National University of Singapore, Singapore

Title: A microRNA-638/ferritin gene: Pseudogene network regulates iron storage in prostate cancer

Biography

Yvonne Tay has received her PhD in 2008 from the National University of Singapore and Genome Institute of Singapore (GIS). Her PhD work, which was supported by an A*STAR Graduate Scholarship led to seminal contributions to our understanding of the mechanisms of microRNA function. She was awarded the 2009 Philip Yeo Prize for Outstanding Achievement in Research by A*STAR in recognition of these breakthrough discoveries.
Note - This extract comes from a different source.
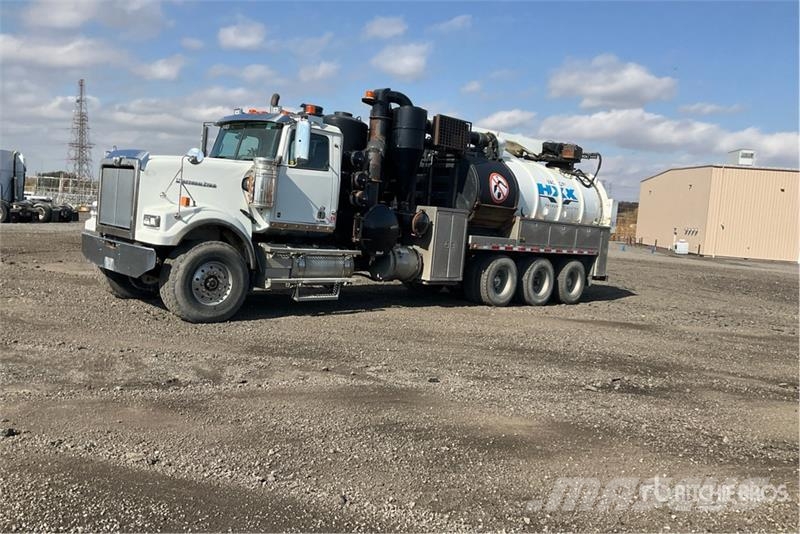 Western Star 21HXXPD15 on Western Star 4900FA 8x6 Vacuum Excava Kombi vozila/ vakum kamioni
After a two year Postdoctoral stint at A*STAR, she subsequently received a Special Fellow award from the Leukemia Lymphoma Society to continue her Postdoctoral training at Harvard Medical School and Beth Israel Deaconess Medical Center. Her postdoctoral research in the Pandolfi Lab led to the discovery that protein-coding transcripts can co-regulate the tumor suppressor PTEN by competing for shared microRNAs. She has recently commenced her new appointments as an Assistant Professor in the Department of Biochemistry and Junior Principal Investigator at the Cancer Science Institute of the National University of Singapore in September 2014.

Abstract

MicroRNAs (miRNAs) are small, non-coding RNAs that post-transcriptionally modulate gene expression by binding to miRNA response elements (MREs) on target transcripts. Aberrant expression of miRNAs results in the deregulation of tumor suppressors and/or oncogenes. Iron is an essential metal known to play critical roles in various cellular processes. Deregulated iron homeostasis tilts the systemic iron balance, leading to various human pathologies, including cancer. However, little is known about miRNAs in the regulation of iron storage. In this study, we characterize miRNA-638 as a crucial player in iron storage in prostate cancer, which is the second leading cause of cancer death in men worldwide. MiRNA-638 targets ferritin heavy chain, FTH1 and several of its pseudogenes to promote tumor growth, suggesting the potential involvement of a deregulated competing endogenous RNA (ceRNA) network in pathogenesis. Our results indicate that miRNA-638 could be an oncomiRNA in prostate cancer; hence it is a potential therapeutic target.